Tools for forecasting regional economic growth using big data and business intelligence technologies

Regional and branch economy
Authors:
Abstract:

The significance of the study is due to the increasing complexity of regional economic growth forecasting in the context of digital transformation and the limitations of traditional analysis methods. According to research, the volume of generated data on regional socio-economic development increases by 40–50% annually, requiring fundamentally new approaches to their processing and analysis. Existing forecasting methods do not effectively account for nonlinear relationships and synergetic effects between various regional development factors. The goal of the study is to construct comprehensive tools for forecasting regional economic growth based on integration of big data technologies and modern business analytics methods. The research methodology includes modified machine learning algorithms specifically adapted for regional data analysis, using both structured and unstructured information sources. The developed tools were tested on data from 76 Russian regions for 2015–2023 using distributed computing systems. The novel findings of this study is that we created integrated tools for detecting nonlinear effects and synergetic interactions between growth factors, as well as quantifying factor thresholds and lag effects of their influence.
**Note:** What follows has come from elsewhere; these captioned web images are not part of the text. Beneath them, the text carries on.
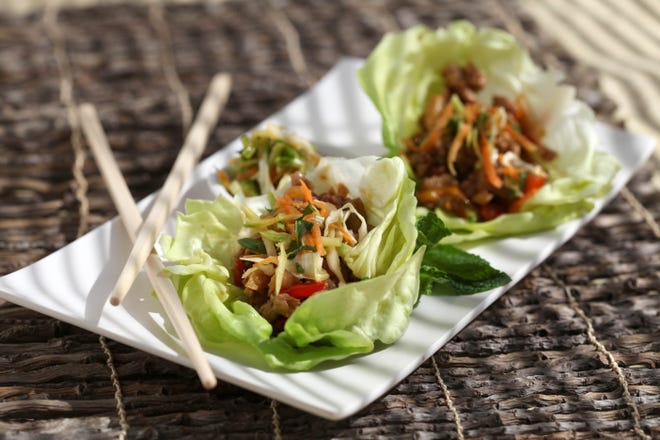 Most copycat recipes for P.F. Chang's spicy Asian lettuce wraps call for mixing the ground chicken with chopped mushrooms and water chestnuts, but you can make the wraps however you like. [Jessica J. Trevino/Detroit Free Press/TNS]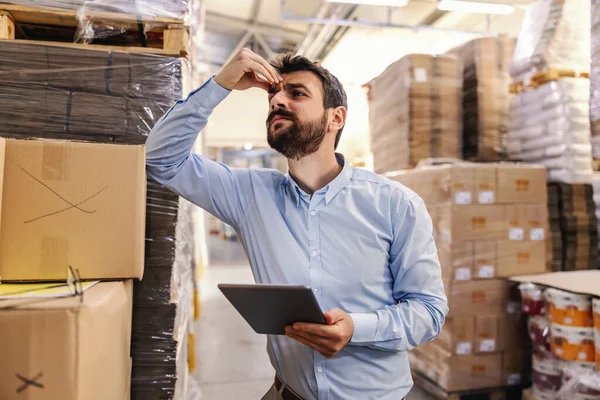 Nervous Young Attractive Bearded Businessman Leaning Box Warehouse Holding Tablet — Stock Photo, Image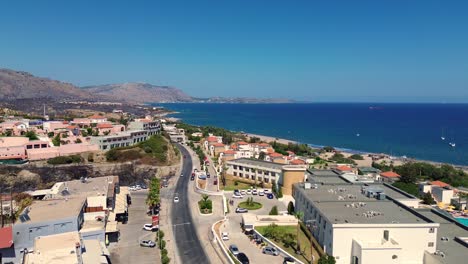 Over-the-road-and-green-Forest-in-Rhodes-with-seaside-in-the-background-in-Greece-during-the-summer-filmed-with-the-drone-in-4K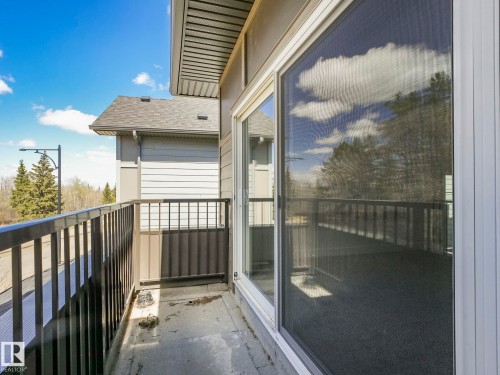 Private balcony featuring black metal railings and a sliding glass door - 6125 Crawford Drive, Edmonton, AB - Outdoor With Exterior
A methodology for comprehensive assessment of digital transformation's impact on regional development has been proposed for the first time, considering the relationships between technological, social, and institutional factors. The practical significance is confirmed by successful implementation in regional governance, providing a 20–25% increase in management efficiency through more accurate forecasting and comprehensive consideration of growth factors. The developed tools were implemented in strategic planning practices of several Russian regions, showing high effectiveness in developing socio-economic development programs. Further research directions include expanding the analyzed indicators through IoT data and digital platforms, improving machine learning algorithms for economic instability conditions, adapting tools for municipal governance level and developing integration mechanisms with existing regional management information systems.